#### THE DATA
== Segment start ==

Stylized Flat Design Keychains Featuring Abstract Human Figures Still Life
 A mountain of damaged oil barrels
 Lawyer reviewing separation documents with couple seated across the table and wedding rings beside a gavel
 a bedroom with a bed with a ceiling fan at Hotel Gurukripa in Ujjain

== Segment end ==

#### AIM OF THE TASK
Copy out exactly the lines that run from the one holding "A mountain of damaged oil barrels" through the end of the data above.

#### EXPECTED ANSWER
 A mountain of damaged oil barrels
 Lawyer reviewing separation documents with couple seated across the table and wedding rings beside a gavel
 a bedroom with a bed with a ceiling fan at Hotel Gurukripa in Ujjain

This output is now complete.